Every now and then everyone can appreciate a good horror story; but when it comes to promotions…there is no such thing as a Good Horror Story and Never Ever is when marketers want them to occur.

They know what you did last summer!” Promotions are heavily regulated by Government Agencies (FTC, FCC, FDA, and State’s AGs); Self-Regulatory Bodies (NAD, DAA, CARU, DMA); Competitors and Consumers alike. Everyone is watching, so take heed of the promotion guidelines available to avoid the nightmares that can unfold. You can find the complete guidelines on each of their respective websites; however, here are a few tips to follow so you can avoid being added the list of horrors featured herein:
• Make full disclosure of the rules and all material issues pertaining to the promotion.
• Properly identify the type of promotion you want to run (contest of skill, game of chance, incentive offer, etc.)
• Make sure that your promotion is not a lottery. Provide a free method of entry. Even if your promotion has multiple steps/overlays, they cannot contain illegal lottery elements.
• Make sure that the Official Rules covers whatever could go wrong.
• Do not be deceptive. Disclose material terms in general advertising of the promotion.
• All disclosures need to be clear and conspicuous.
• Fine print cannot be used to contradict statements or to correct misrepresentations.
• As consumers may only glance at a headline, accurate information in the text may not remedy a false headline. Do not bury required disclosures in numerous, densely packed lines of fine print or remote internet links (or omitting them altogether).
• Register your promotion when required.
• Follow direct mail disclosure statutes.
• Do not assume that Canadian and/or International law are the same as US law.
• Set forth Judging criteria in Contests and what happens if there is a tie.
• Follow the Sponsor’s rules, and do not change the rules midstream.
• And last but not least ….. If you see a creepy, haunted house, please don’t go in it, even if the door is wide open. And if you do, DO NOT go upstairs; just GET OUT!

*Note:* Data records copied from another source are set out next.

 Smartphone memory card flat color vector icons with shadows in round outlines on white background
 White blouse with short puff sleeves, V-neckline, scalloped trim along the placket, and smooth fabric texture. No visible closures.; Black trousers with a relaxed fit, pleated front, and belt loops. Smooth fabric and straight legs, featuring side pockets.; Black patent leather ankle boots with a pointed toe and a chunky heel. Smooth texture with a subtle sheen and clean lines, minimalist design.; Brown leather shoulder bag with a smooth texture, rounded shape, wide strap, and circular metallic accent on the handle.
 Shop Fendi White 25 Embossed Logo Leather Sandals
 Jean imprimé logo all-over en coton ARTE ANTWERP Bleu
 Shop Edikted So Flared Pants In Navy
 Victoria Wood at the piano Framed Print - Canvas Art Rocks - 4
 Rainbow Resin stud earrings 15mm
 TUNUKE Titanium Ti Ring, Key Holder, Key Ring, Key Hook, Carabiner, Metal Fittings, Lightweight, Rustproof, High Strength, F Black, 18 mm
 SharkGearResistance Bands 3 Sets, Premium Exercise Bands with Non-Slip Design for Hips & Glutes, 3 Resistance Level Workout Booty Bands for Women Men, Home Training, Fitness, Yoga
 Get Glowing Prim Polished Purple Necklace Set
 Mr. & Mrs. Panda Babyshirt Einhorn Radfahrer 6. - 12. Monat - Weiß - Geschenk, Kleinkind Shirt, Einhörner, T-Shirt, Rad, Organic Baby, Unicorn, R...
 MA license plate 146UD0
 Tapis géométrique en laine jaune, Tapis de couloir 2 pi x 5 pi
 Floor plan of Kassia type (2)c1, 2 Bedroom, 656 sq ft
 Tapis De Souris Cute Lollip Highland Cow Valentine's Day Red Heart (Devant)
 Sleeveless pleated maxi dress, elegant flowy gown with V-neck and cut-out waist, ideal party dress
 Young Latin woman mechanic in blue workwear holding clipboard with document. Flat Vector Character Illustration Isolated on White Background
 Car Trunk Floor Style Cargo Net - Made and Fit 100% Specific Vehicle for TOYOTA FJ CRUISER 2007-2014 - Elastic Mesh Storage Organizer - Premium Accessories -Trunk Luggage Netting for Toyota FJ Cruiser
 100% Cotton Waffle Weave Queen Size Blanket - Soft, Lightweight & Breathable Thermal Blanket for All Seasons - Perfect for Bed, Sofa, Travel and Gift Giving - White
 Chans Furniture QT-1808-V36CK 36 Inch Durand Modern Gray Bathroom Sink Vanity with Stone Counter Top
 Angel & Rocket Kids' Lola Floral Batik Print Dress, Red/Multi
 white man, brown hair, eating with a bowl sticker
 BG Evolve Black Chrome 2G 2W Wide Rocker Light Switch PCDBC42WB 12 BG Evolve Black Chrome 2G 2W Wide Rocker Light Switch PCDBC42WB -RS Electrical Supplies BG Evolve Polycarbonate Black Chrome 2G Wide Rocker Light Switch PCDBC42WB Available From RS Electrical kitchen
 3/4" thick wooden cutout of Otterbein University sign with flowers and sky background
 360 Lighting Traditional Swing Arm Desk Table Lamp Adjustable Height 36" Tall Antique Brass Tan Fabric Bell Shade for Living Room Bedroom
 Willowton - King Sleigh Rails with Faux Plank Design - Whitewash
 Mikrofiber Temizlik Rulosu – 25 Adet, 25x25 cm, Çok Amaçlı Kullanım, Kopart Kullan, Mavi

Don’t end up with a “Sweepstakes Massacre”, contact us and/or consult with your legal team who has the appropriate experience with state and federal laws pertaining to all types of promotions. To read more posts by Marden-Kane, please visit our main blog page or subscribe to our email list.

Now let’s take a look at some Horror Stories I found on the web. Believe it or not, they are real. So take a look if you dare…

Give Equal Prominence to the No Purchase, Alternate Means of Entry (AMOE)
OR it will Cost You!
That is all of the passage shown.